南野:当時は衛星中継もまだ少なかったし、まだちゃんと国交が結ばれていたわけでもなかったので、本当に放送間際までつながるかわからなかった。それでもなくとも電気が不安定で、リハーサルのときからすぐ途切れちゃったりしていたんです。だから本番でちゃんと途切れることなくつながったときは、スタッフと大喜びしました。

――バンコクでは市場で人に取り囲まれながら歌っていて。何人もの人がケーブルをさばいていて。

南野:それも現地の人ですよ。中継に来るスタッフは必要最小限で、たいてい2〜3人しか来ないんです。だからその場にいる人が、みんなで協力して作っていました。私のマネージャーさんだったり、現地のコーディネーターさんも、人を止めたりケーブルをさばいたり、照明を支えていたりしました。

――みんな一丸となって作っている手作りの熱が、画面を通して伝わってきます。

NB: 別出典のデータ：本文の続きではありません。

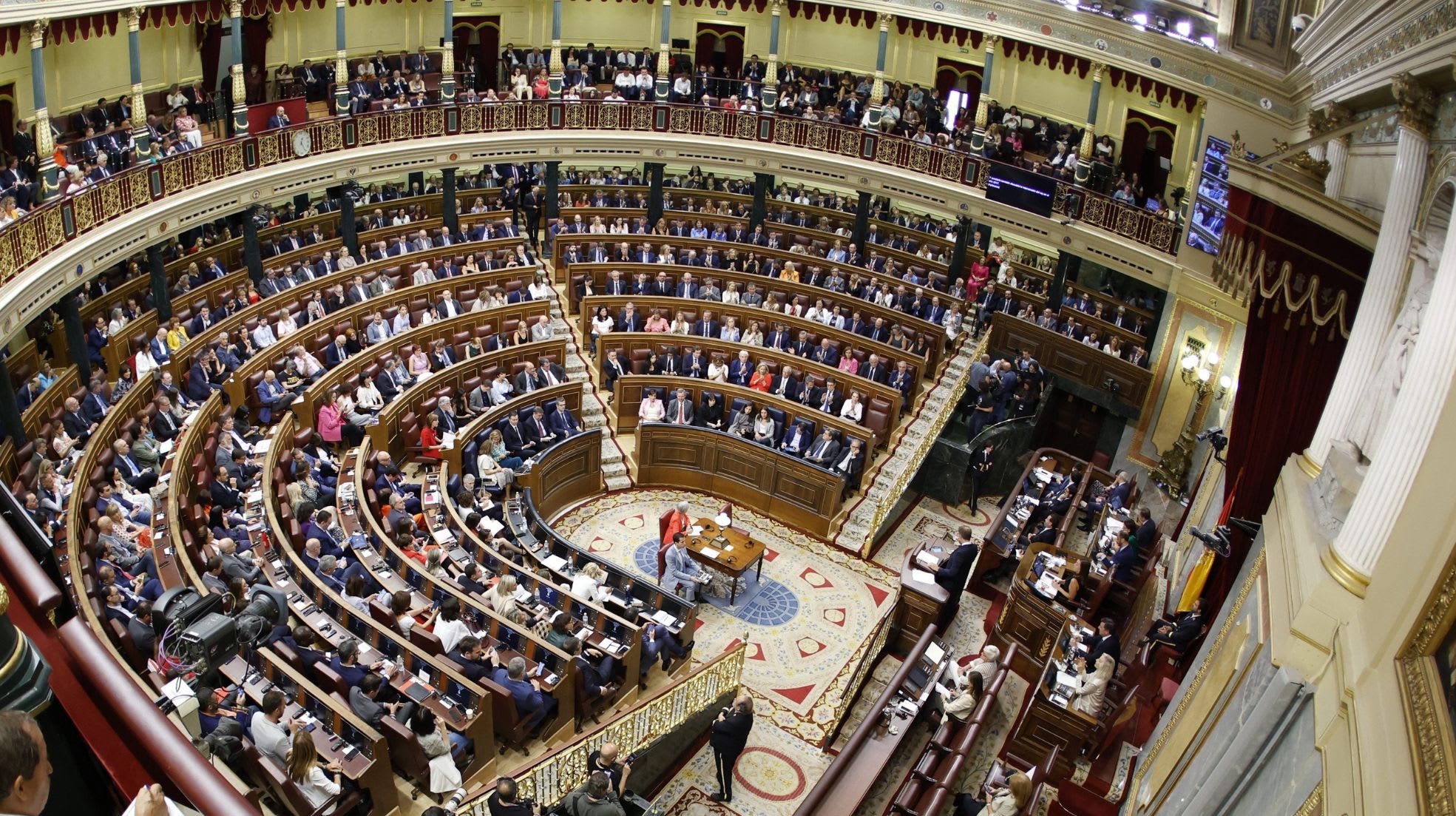 España prepara una votación sobre el plan energético desencadenada por las tensiones en Oriente Medio.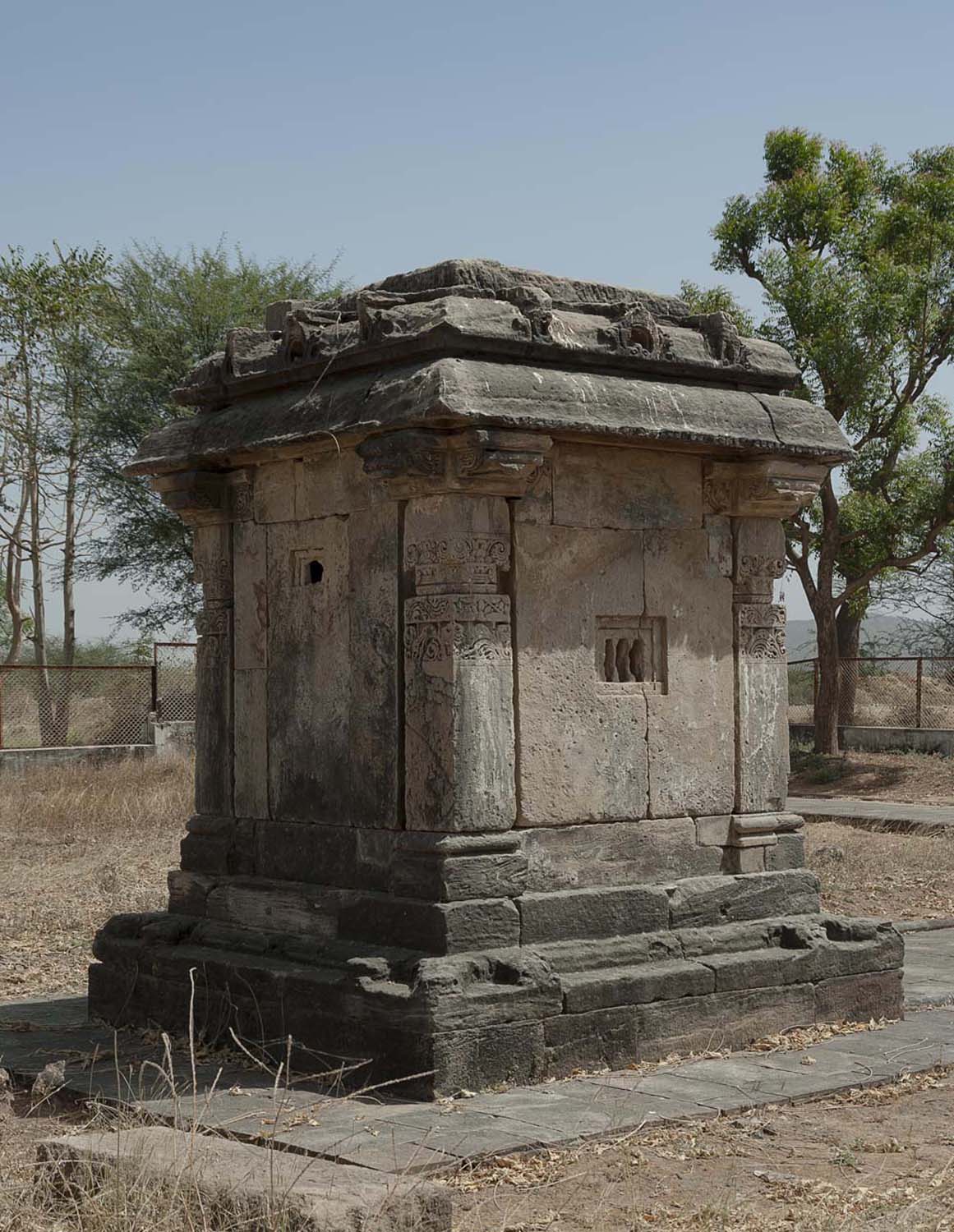 Temple and Kund, Roda, Gujarat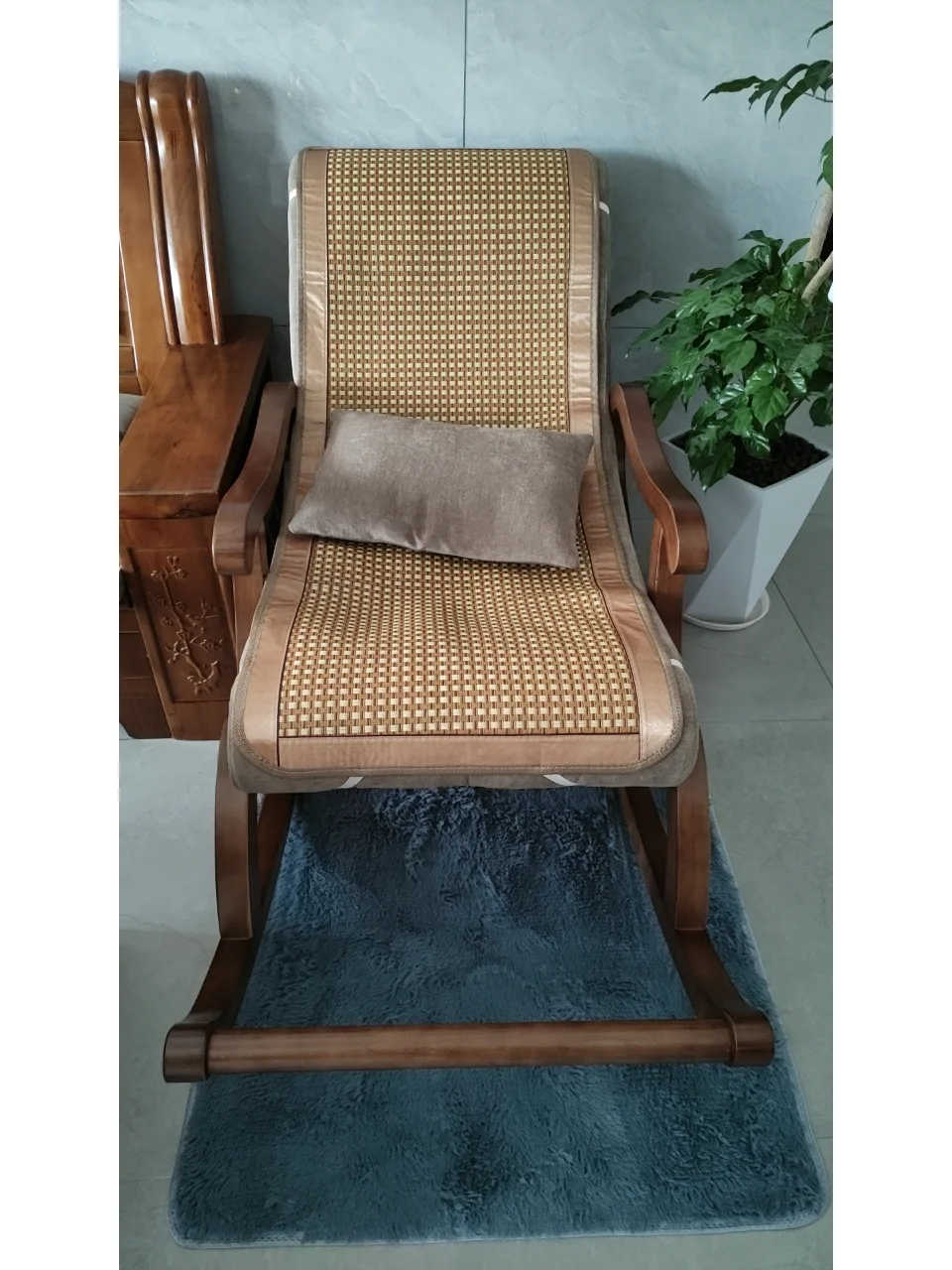 给父母的实木摇椅——让舒适与陪伴触手可及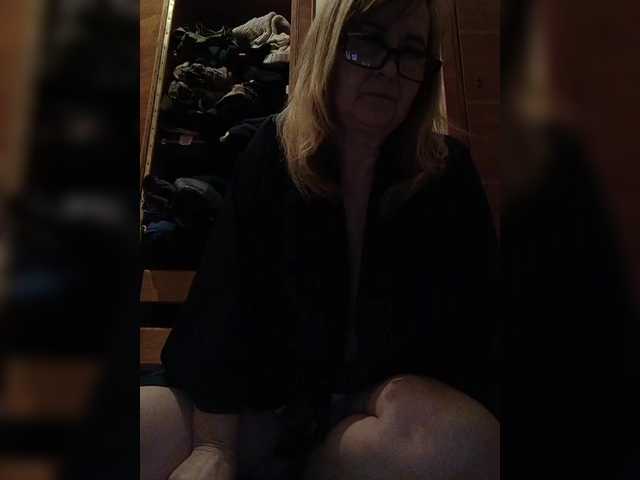 Alina1965's BongaCams show and profile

他局の撮影現場から中継したりということも。

南野:ドラマをフジテレビで撮っていたら、そこにTBSのカメラが来るみたいな。カンボジアからの中継も、もともと『24時間テレビ 愛は地球を救う』(日本テレビ系)の撮影で行っていたものでしたし、局の垣根を超えていたなって思います。

――コンサート会場からというのも。

南野:人によってはコンサートを一時中断して、お客さんがいるなかで歌っていたりもしました。私のファンは若い方が多かったから終演時刻が早かったのですけど、少し待ってもらって、スタッフさんが撤収しているなかで歌いました。新幹線のホームとか移動中とかに歌う方もいらっしゃって、それはいち視聴者としても面白かったです。「忙しいんだな」とか「今○○さんは大阪に居るんだ!」とか、その歌手の近況がわかったし。

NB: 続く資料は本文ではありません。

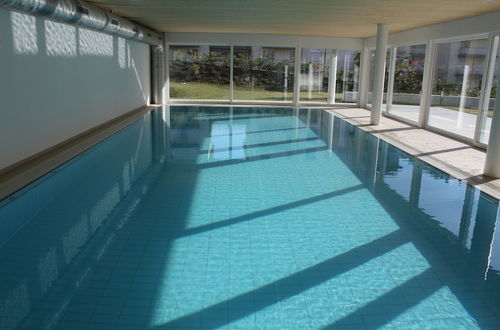 Foto 10 - Indoor Swimming Pool, Sauna, Fitness, Private Gardens, Spacious Modern Apartment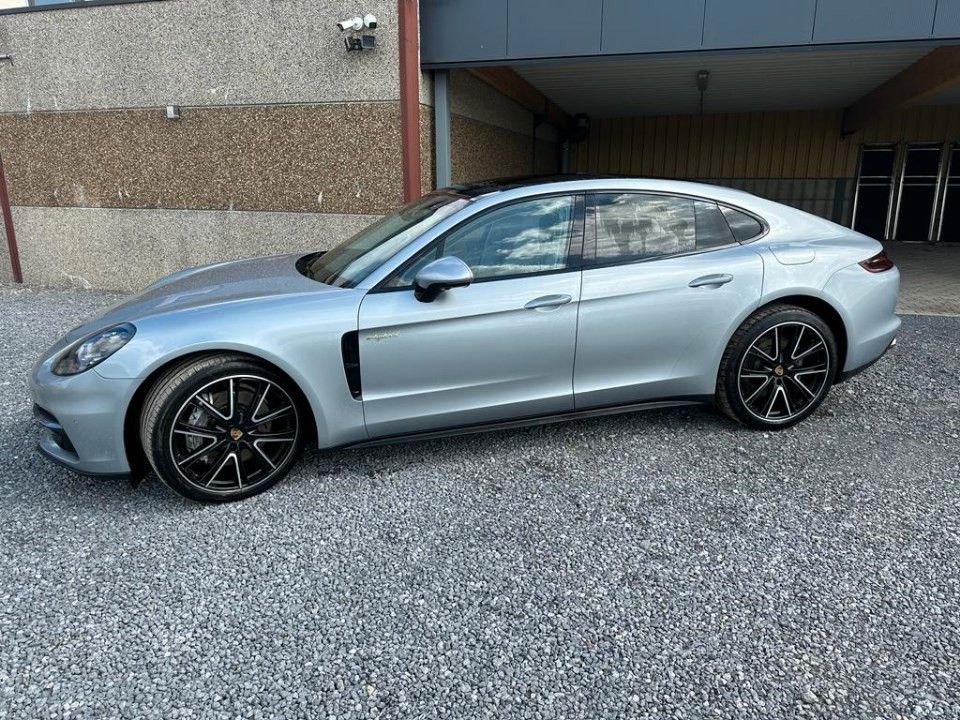 Porsche Panamera 2018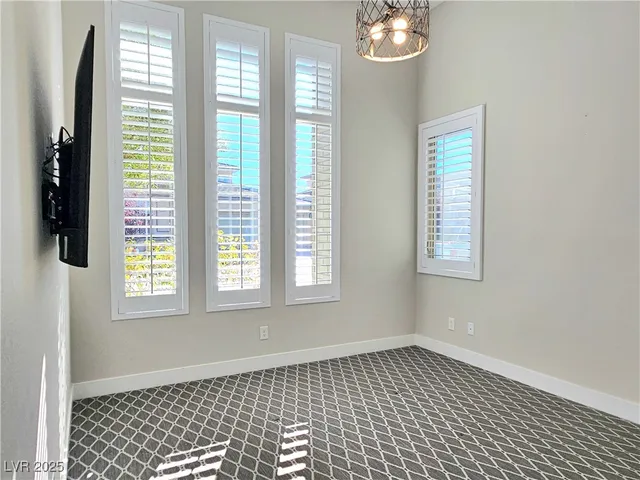 $7,500 | 12374 Skyracer Drive, Las Vegas, NV 89138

――『スケバン刑事』の舞台挨拶のとき、映画館からの中継で、冒頭で殺陣を披露して歌ったこともありました。

南野:あれは本当に嫌でしたね(笑)。だって失敗したら恥ずかしいし。ドラマはNGが出せるけど、生放送の番組で、しかもお客さんが目の前にいると、やっぱりいいところを見せたくなるじゃないですか。そこで失敗したらどうしようというドキドキで、嫌だなって。でも『スケバン刑事』は、アクションシーンはスタントマンがやっているんじゃないかと疑われていて、最初は少しそういうところもありましたけど、徐々に自分でアクションシーンを演じることも多くなっていたので、できないなりにも「こうやって一生懸命やっているんです」というのは観ていただけて良かったなって。

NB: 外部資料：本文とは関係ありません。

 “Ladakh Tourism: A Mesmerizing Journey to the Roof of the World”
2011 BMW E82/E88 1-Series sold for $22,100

――当時は『スケバン刑事』のヨーヨーが売られていることをご存じなかったそうですね。

南野:知らなかったです。そもそもバンダイさんからも東映さんからも、オフィシャルのヨーヨーが発売されたことは一度もなかったんです。

――いっぱい売られていた覚えがありますけど。

南野:それは全部バッタもんです(笑)。未だにお会いした方から「ヨーヨーを持っていました」と言われて、なかには「僕は本物を買ってもらえなくて」とおっしゃる方もいるのですが、「そもそも本物なんか無いから」って思っていました(笑)。

――今でもヨーヨーはできるんですか?

南野:普通のヨーヨーはできますよ。ハイパーヨーヨーという競技用の種類もあるのですが、それは回転が速すぎて上手くキャッチできなくて。でも普通のヨーヨーなら“犬の散歩”とか、いろんな技ができます。